Она взяла протянутое Настей письмо, аккуратно сложила и отнесла за икону, где хранились ее сокровища: из тюрьмы прощальное письмо мужа (на груди в мешочке носила, да истлелось от пота), Егорки-беглеца сумбурное послание и вот теперь письмо Васятки.
Ответ сыну Парася постановила сама писать, хотя Настя предлагала под диктовку. Быстро не ответила — работы было столько, что вечерами падали замертво, только и успевали вырвать минутку снова Васяткино письмо перечитать. А тут дожди зарядили. Ко времени — уже отсеялись колхозники, а для зерна, опущенного в землю, и для трав нарождающихся влага в большую пользу.

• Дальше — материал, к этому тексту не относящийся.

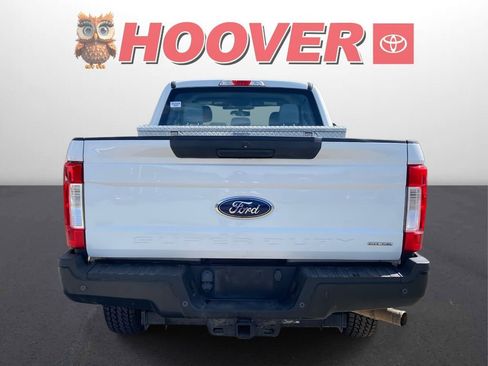 Used 2018 Ford F250 XL w/ Power Equipment Group image 3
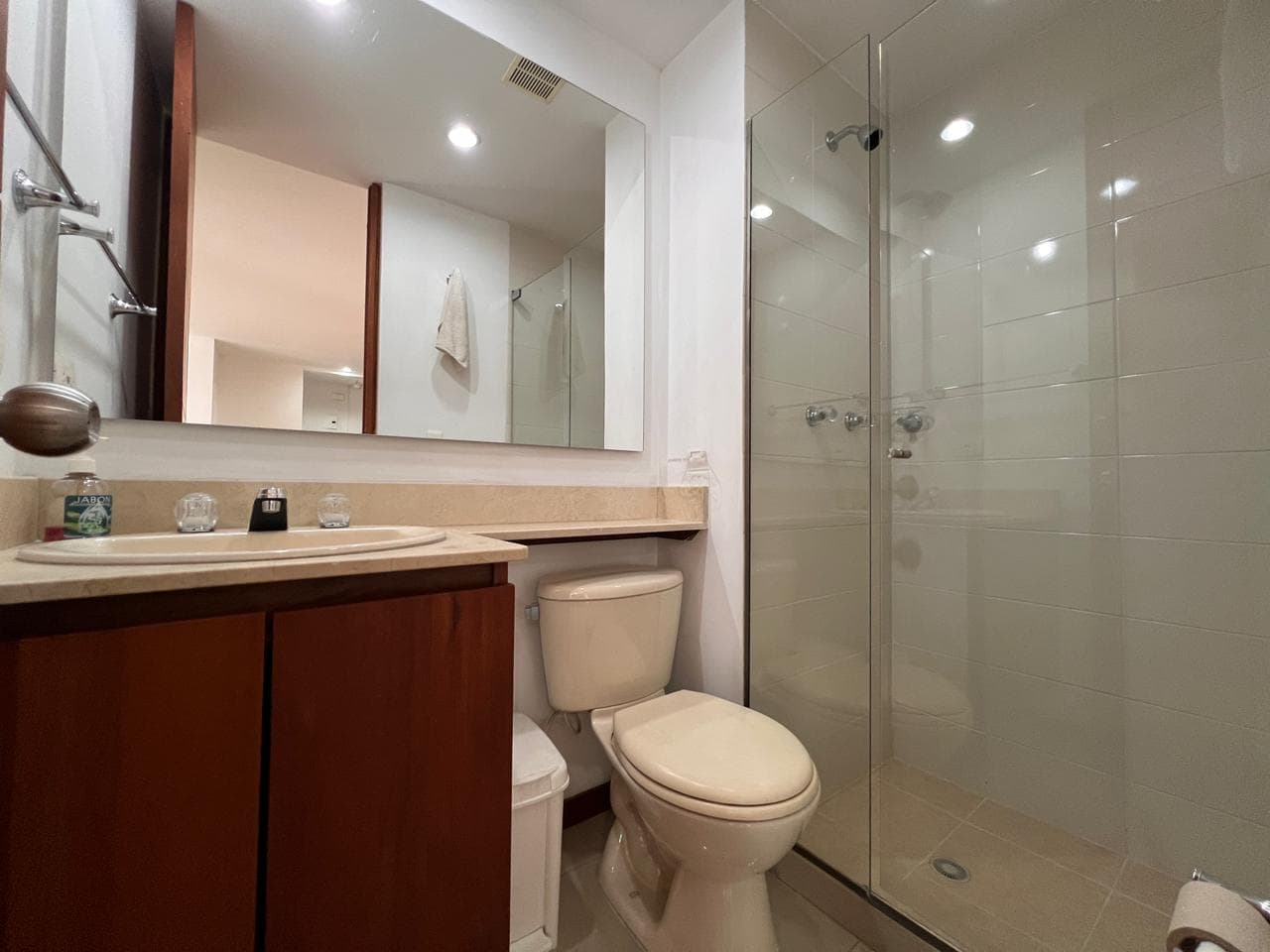 Apartamento en arriendo en Conquistadores, Laureles, Medellín — foto 5 de 19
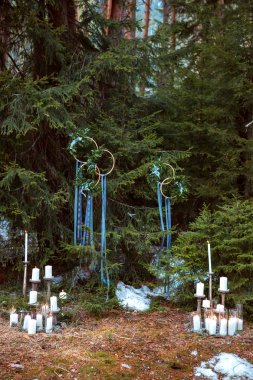 cam şişeler yerdeki beyaz mumlar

Настя, для которой прежде смена времен года означала только смену гардероба, поражалась тому, насколько крестьяне, их труд, зависят от капризов природы. Если собрать воедино чаяния, надежды и молитвы крестьян, то это были бы еженедельные прошения в небесную канцелярию: пошлите вёдро (сухую погоду), не нашлите заморозков — мы уже огородину (овощи) высадили, подбавьте влаги, и тепла, тепла, солнышка! Когда Настя, свято верившая в силу науки, заговорила о том, что когда-нибудь люди научатся управлять климатом, на нее посмотрели как на умалишенную. Они верили, что поп с кадилом выйдет в поле и намолит правильную погоду, а в науку не верили!
— Такие люди, как талантливейший Василий, покорят природу! — исчерпав аргументы, воскликнула Настя.
И тут на лицах Марфы и тети Параси появилась некое подобие надежды на несбыточное.
Лил дождь — славный. Небо не облажное, не опустилось на землю грязно-серым, приплюснутым снизу дымом, облачка плывут, нет-нет солнышко проглянет. Настроение было хорошим — сидели по домам, не отдыхали — спешно выполняли накопившуюся по хозяйству работу.